Senate confirmation hearings for U.S. Supreme Court nominee Samuel Alito began today in Washington, D.C., and they're likely to turn into another political mud-wrestling contest.
It doesn't have to be that way, and it wasn't that way when Senate Republicans scrutinized and approved President Clinton's two liberal high court nominees – Stephen Breyer and Ruth Ginsburg. But some Senate Democrats showed in previous hearings involving the nomination of current Chief Justice John Roberts that they're looking for any excuse – no matter how shallow – to vote against President Bush's nominees to the high court.

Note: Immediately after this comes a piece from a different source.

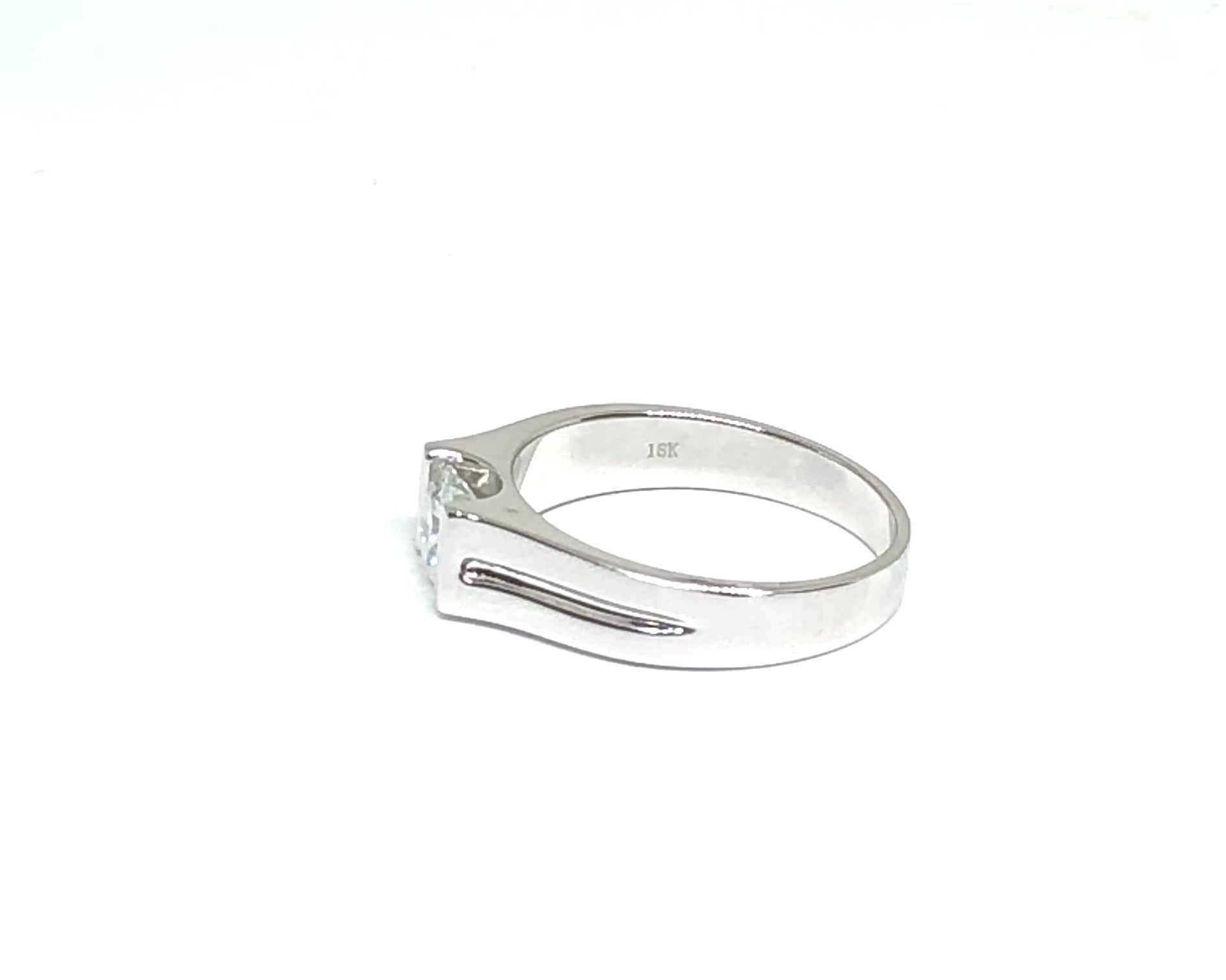 18K White Gold 1Ct Round Cut Moissanite Solitaire Men’s Ring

Roberts, who made a dazzling appearance before the judiciary committee, ultimately was confirmed, and there's no reason why Alito, who is set to replace retiring Justice Sandra Day O'Connor, won't be as well. But the posturing of both conservative and liberal interest groups on the Alito nomination indicates it will be a long, tough process.

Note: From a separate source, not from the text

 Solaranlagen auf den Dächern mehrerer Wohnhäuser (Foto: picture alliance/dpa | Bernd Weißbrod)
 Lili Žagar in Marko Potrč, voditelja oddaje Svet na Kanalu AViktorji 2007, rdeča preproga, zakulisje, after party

A cautious, conscientious judge, Alito is an unlikely character to generate all the heated sparring that has preceded the confirmation hearings. Luckily for him, Alito starts out with a variety of factors in his favor:
– He was nominated by President Bush, a Republican, and Republicans control the Senate by a 55-45 margin.
– While the Senate is an equal partner in the confirmation process, there is a general presumption that, absent some compelling reason, a nominee will be confirmed. After all, presidents are elected based on their political philosophy, and President Bush campaigned on a promise to nominate judicial conservatives to the courts.

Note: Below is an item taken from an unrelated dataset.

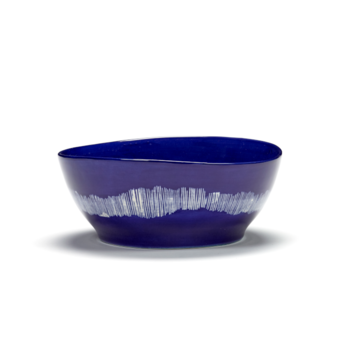 Yotam_Ottolenghi_FEAST_Ivo_Bisignano_B8921010C_Lapis_Lazuli_Swirl_Stripes_White_Bowl_18_SERAX.png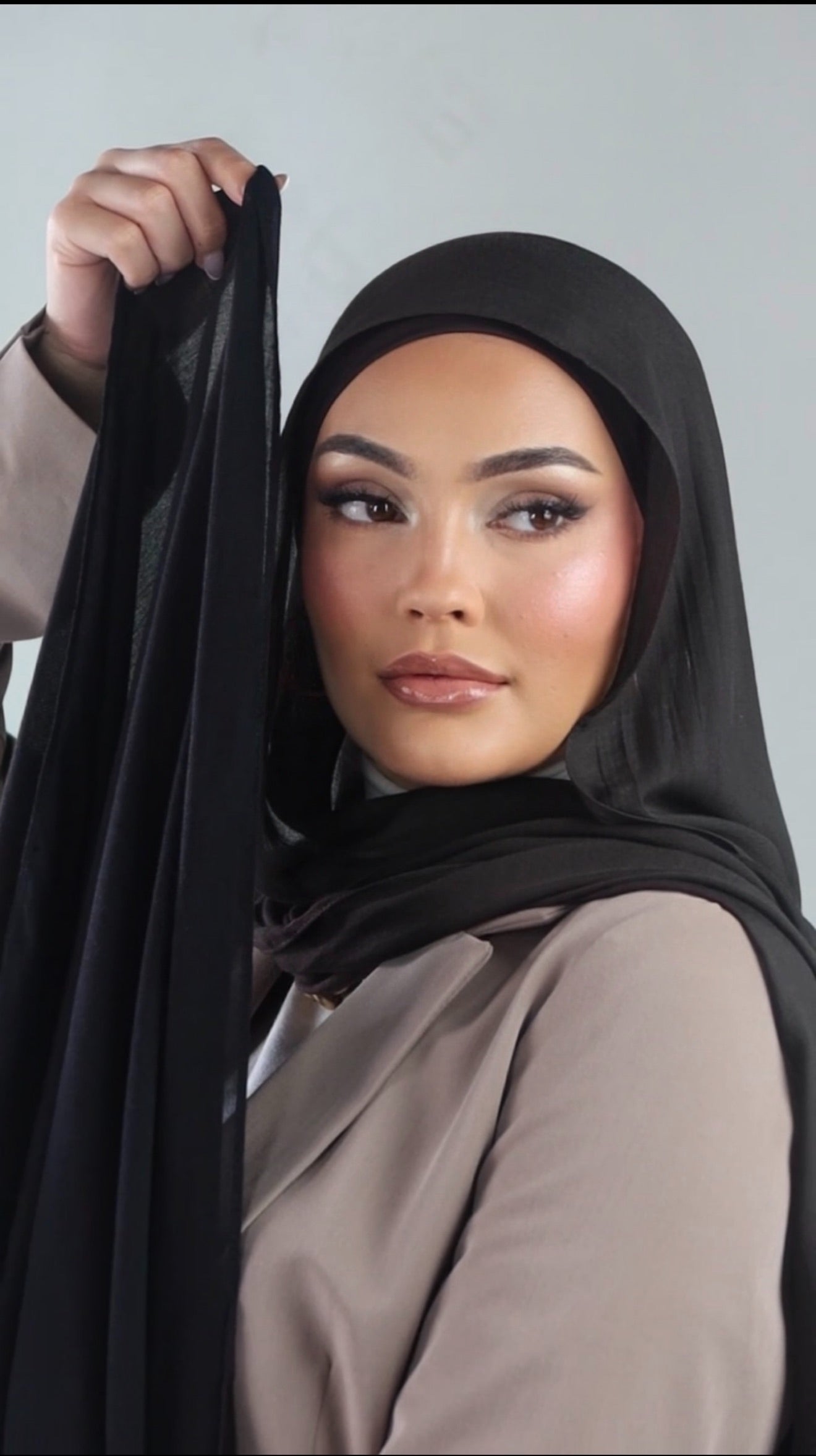 Ganache Brown Velvet Grip Undercap and Hijab Set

– Alito's performance as a lawyer and judge has been outstanding.
Unfortunately, liberal interest groups are trying to portray Alito as an extremist lunatic, and their political influence cannot be underestimated. Many Democratic senators – Illinois U.S. Sens. Dick Durbin and Barack Obama among them – fell into lockstep opposition against Chief Justice Roberts to avoid incurring the political wrath of the liberal lobbies. Indeed, every Democratic senator mentioned as a presidential candidate or aspiring to party leadership position will oppose Alito, just as they opposed Roberts. The only exception is Wisconsin's U.S. Sen. Russell Feingold, a politician of rare courage and principle.
So the stage is set for another knockdown, dragout fight, the one that was supposed to occur at the Roberts hearings when media reports were predicting that senators like Durbin were going to tear him to shreds. But Roberts was so excellent in his presentation that Democrats were quickly disarmed, frustrated and angry. Now they get another chance to go for the throat of a judicial nominee, and Alito had better be ready.